Iraq voiced surprise Saturday after the US Treasury imposed "unacceptable" sanctions against Faleh Fayyadh, leader of the state-sponsored Hashed al-Shaabi, a powerful pro-Iranian paramilitary network.
Fayyadh is one of the most senior Iraqi state officials to be placed on the US sanctions blacklist.
Washington has been threatening for months to impose sanctions on Iraqis with close ties to Iran or accused of human rights violations, and the US Treasury said Fayyadh was responsible for brutal attacks on protesters in October 2019.
Fayyadh's former deputy, Abu Mahdi al-Muhandis, was killed in US drone strike a year ago alongside Iranian General Qassem Soleimani.
But Iraq's foreign ministry called the blacklisting "surprising and unacceptable," and said it would "work to rectify" similar US moves against Iraqis, whether by outgoing President Donald Trump or his successor, Joe Biden.

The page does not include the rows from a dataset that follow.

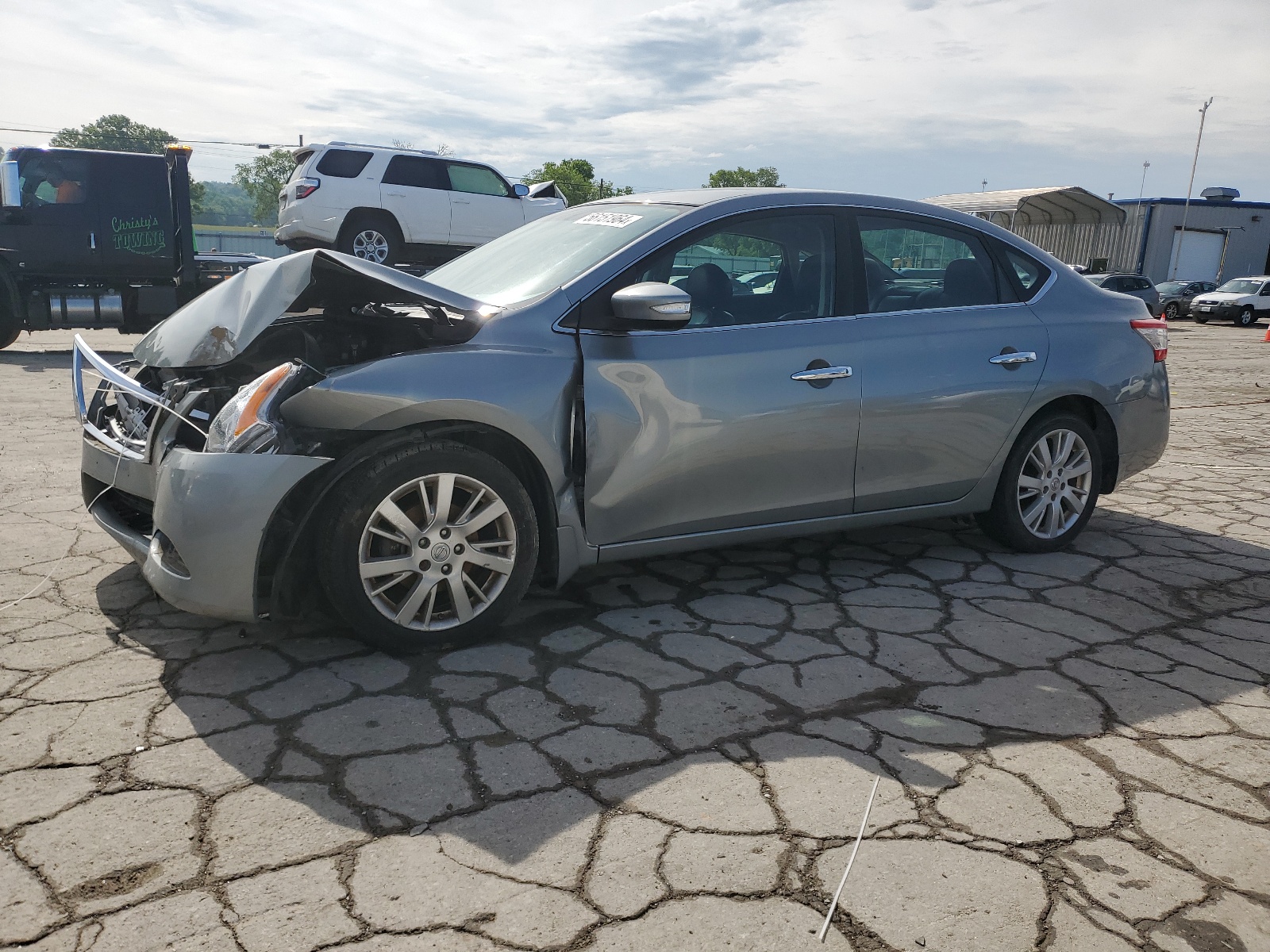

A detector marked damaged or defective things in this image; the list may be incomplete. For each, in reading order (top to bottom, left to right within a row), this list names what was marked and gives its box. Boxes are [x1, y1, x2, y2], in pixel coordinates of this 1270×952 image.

crushed front bumper [73, 337, 333, 627]
broken headlight [210, 363, 305, 457]
crumpled front hood [135, 250, 490, 368]
damaged silver sedan [76, 190, 1168, 654]
cracked concrete pavement [2, 324, 1270, 949]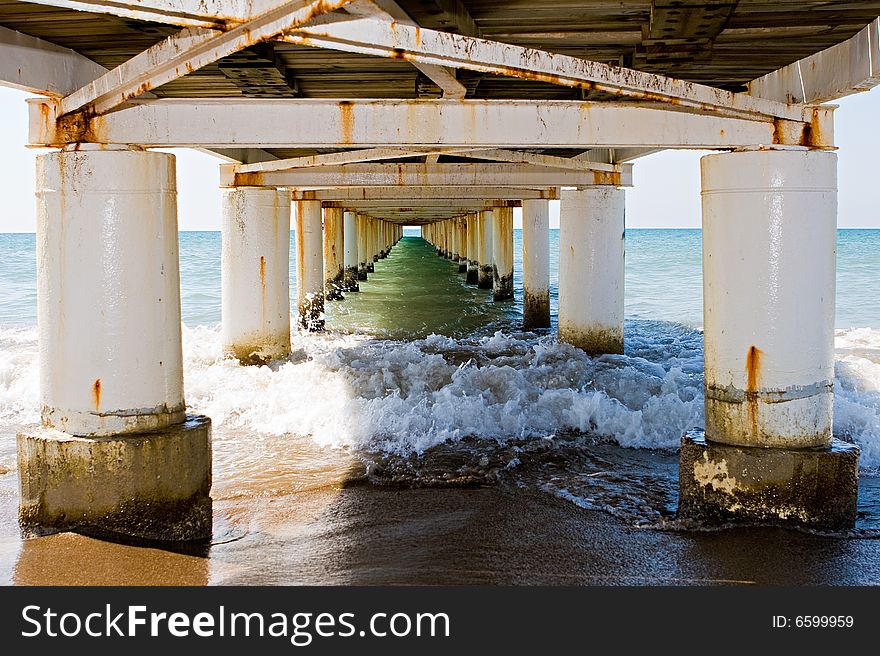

The sanctions, announced Friday, seek to freeze any assets a designated person has under US jurisdiction and bans American firms -- including banks and other companies with US branches -- from doing business with them.
It poses a thorny problem for Fayyadh, a international businessman who has also been sent by Baghdad as an envoy to the US, Iran and the Gulf.
Iraqi national security adviser Qassem al-Araji said sanctions targeting a senior government official were an "error".
But several pro-Iran groups, including Lebanon's Hezbollah movement congratulated Fayyadh for the "honorary badge" of sanctions, saying it signalled his services to the "resistance".